Using CUDA for Log Analysis

ssargent · May 6, 2010, 10:32pm

Hello, I’m a first time cuda user. I’ve run through a bunch of the samples from CUDA and also a number of the thrust examples as well. I’m ready to try my first program and I was hoping I could get some advice on implementation. What I want to create a http server log analysis tool.

Basic work flow would be to feed it a log file, it would parse each record and give a count of the number of successful request (status code 200)

I was thinking of using a thrust zip iterator that had 2 fields StatusCode int and LogRecord char*; The first use of cuda would be selecting some number of records out of the file and then sending them in to be parsed by the gpu. In this case I’m just looking for the status code, so the parsing would be fairly simple, walk the char array till you get to the N-th delimiter that signifies the status code. Take that code and update the zip iterator.

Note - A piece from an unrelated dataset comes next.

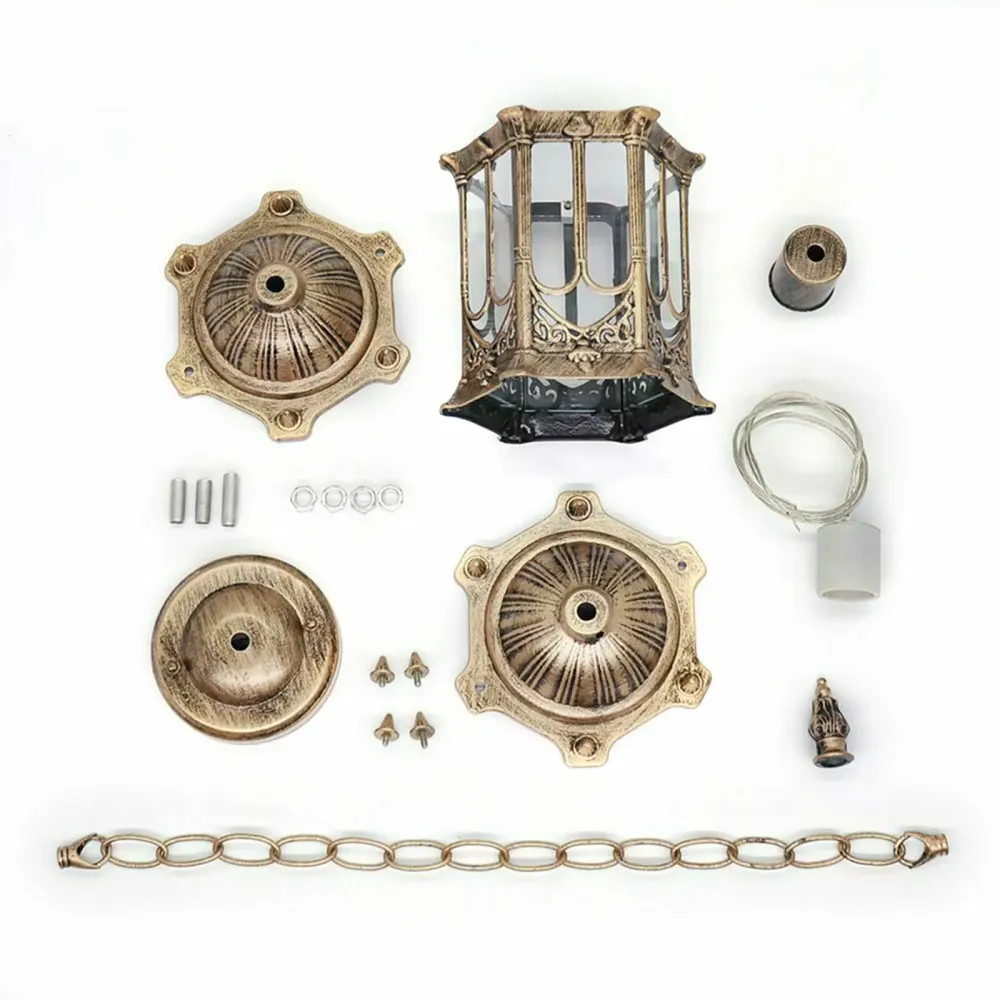 LumiVintage - Candeeiro Suspenso Resistente ao Tempo em Estilo Retro para Exterior – Candeeiro Suspenso Antigo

What I wasn’t sure about is; is this a reasonable use for CUDA, parsing out a log file entry in a thread on the gpu; They can get quite large (4500c) but normally are quite a bit more reasonably sized. Obviously i’ll need to carefully monitor how many entries i send in at once and make sure to batch it out.

Once i had an array of int status codes, i could use some sort of reduce function to remove the ones I don’t care about and then take a count. Overall a very simplistic program, but a decent first start.

Thank you in advance for fielding a newbie question!

Scott

SPWorley · May 7, 2010, 2:25am

The job isn’t a good match for a GPU. There’s almost no computation needed, so you’ll be dominated by memory transfer speeds over the PCIe bus. The CPU can stream the data through RAM in less time than it takes to send the data to the GPU.

And even that assumes the entire log is loaded into RAM. If it’s on disk, then disk IO will be your bottleneck even with a pretty slow single core CPU.